What is needed:
Repeat all entries below exactly as shown.
======== Given data
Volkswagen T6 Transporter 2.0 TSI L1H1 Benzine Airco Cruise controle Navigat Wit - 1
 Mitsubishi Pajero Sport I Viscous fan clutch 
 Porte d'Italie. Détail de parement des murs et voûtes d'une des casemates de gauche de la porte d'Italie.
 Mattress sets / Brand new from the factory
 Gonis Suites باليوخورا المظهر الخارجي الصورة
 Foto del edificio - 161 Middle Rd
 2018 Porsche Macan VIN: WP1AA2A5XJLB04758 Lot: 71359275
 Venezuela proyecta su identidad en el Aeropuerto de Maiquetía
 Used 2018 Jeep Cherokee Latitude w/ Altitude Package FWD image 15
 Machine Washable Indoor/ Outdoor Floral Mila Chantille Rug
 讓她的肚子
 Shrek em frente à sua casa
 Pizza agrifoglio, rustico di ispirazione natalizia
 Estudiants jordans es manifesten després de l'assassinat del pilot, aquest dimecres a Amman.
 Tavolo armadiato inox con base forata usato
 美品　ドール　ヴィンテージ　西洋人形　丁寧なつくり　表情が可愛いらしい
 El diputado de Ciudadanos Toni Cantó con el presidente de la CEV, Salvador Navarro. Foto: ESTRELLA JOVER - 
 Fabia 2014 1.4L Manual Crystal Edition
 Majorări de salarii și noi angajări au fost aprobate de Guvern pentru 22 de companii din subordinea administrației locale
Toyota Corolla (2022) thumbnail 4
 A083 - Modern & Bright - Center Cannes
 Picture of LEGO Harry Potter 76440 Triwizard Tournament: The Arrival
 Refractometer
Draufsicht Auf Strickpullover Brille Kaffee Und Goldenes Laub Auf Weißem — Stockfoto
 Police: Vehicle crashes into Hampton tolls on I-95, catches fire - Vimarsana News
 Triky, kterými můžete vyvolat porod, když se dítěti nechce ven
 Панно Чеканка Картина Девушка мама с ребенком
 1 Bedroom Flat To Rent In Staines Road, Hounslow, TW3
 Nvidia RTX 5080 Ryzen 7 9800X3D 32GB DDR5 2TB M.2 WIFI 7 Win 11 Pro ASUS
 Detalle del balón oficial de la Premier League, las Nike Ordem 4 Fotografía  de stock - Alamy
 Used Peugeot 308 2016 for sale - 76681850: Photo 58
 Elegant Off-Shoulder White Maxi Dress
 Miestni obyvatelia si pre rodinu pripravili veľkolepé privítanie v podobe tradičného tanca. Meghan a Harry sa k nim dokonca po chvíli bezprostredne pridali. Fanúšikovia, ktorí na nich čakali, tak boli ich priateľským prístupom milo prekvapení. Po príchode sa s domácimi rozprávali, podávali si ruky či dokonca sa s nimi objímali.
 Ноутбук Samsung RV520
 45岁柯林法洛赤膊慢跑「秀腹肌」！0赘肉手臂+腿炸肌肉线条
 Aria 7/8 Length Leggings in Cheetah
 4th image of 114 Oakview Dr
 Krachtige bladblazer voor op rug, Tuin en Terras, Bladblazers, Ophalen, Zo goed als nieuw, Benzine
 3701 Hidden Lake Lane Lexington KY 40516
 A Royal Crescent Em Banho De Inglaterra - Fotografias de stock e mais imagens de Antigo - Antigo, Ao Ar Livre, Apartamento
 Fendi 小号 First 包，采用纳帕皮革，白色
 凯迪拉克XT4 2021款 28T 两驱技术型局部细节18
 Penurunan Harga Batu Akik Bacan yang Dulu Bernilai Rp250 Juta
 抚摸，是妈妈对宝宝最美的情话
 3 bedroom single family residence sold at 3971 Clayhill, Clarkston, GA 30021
================
Written solution:
Volkswagen T6 Transporter 2.0 TSI L1H1 Benzine Airco Cruise controle Navigat Wit - 1
 Mitsubishi Pajero Sport I Viscous fan clutch 
 Porte d'Italie. Détail de parement des murs et voûtes d'une des casemates de gauche de la porte d'Italie.
 Mattress sets / Brand new from the factory
 Gonis Suites باليوخورا المظهر الخارجي الصورة
 Foto del edificio - 161 Middle Rd
 2018 Porsche Macan VIN: WP1AA2A5XJLB04758 Lot: 71359275
 Venezuela proyecta su identidad en el Aeropuerto de Maiquetía
 Used 2018 Jeep Cherokee Latitude w/ Altitude Package FWD image 15
 Machine Washable Indoor/ Outdoor Floral Mila Chantille Rug
 讓她的肚子
 Shrek em frente à sua casa
 Pizza agrifoglio, rustico di ispirazione natalizia
 Estudiants jordans es manifesten després de l'assassinat del pilot, aquest dimecres a Amman.
 Tavolo armadiato inox con base forata usato
 美品　ドール　ヴィンテージ　西洋人形　丁寧なつくり　表情が可愛いらしい
 El diputado de Ciudadanos Toni Cantó con el presidente de la CEV, Salvador Navarro. Foto: ESTRELLA JOVER - 
 Fabia 2014 1.4L Manual Crystal Edition
 Majorări de salarii și noi angajări au fost aprobate de Guvern pentru 22 de companii din subordinea administrației locale
Toyota Corolla (2022) thumbnail 4
 A083 - Modern & Bright - Center Cannes
 Picture of LEGO Harry Potter 76440 Triwizard Tournament: The Arrival
 Refractometer
Draufsicht Auf Strickpullover Brille Kaffee Und Goldenes Laub Auf Weißem — Stockfoto
 Police: Vehicle crashes into Hampton tolls on I-95, catches fire - Vimarsana News
 Triky, kterými můžete vyvolat porod, když se dítěti nechce ven
 Панно Чеканка Картина Девушка мама с ребенком
 1 Bedroom Flat To Rent In Staines Road, Hounslow, TW3
 Nvidia RTX 5080 Ryzen 7 9800X3D 32GB DDR5 2TB M.2 WIFI 7 Win 11 Pro ASUS
 Detalle del balón oficial de la Premier League, las Nike Ordem 4 Fotografía  de stock - Alamy
 Used Peugeot 308 2016 for sale - 76681850: Photo 58
 Elegant Off-Shoulder White Maxi Dress
 Miestni obyvatelia si pre rodinu pripravili veľkolepé privítanie v podobe tradičného tanca. Meghan a Harry sa k nim dokonca po chvíli bezprostredne pridali. Fanúšikovia, ktorí na nich čakali, tak boli ich priateľským prístupom milo prekvapení. Po príchode sa s domácimi rozprávali, podávali si ruky či dokonca sa s nimi objímali.
 Ноутбук Samsung RV520
 45岁柯林法洛赤膊慢跑「秀腹肌」！0赘肉手臂+腿炸肌肉线条
 Aria 7/8 Length Leggings in Cheetah
 4th image of 114 Oakview Dr
 Krachtige bladblazer voor op rug, Tuin en Terras, Bladblazers, Ophalen, Zo goed als nieuw, Benzine
 3701 Hidden Lake Lane Lexington KY 40516
 A Royal Crescent Em Banho De Inglaterra - Fotografias de stock e mais imagens de Antigo - Antigo, Ao Ar Livre, Apartamento
 Fendi 小号 First 包，采用纳帕皮革，白色
 凯迪拉克XT4 2021款 28T 两驱技术型局部细节18
 Penurunan Harga Batu Akik Bacan yang Dulu Bernilai Rp250 Juta
 抚摸，是妈妈对宝宝最美的情话
 3 bedroom single family residence sold at 3971 Clayhill, Clarkston, GA 30021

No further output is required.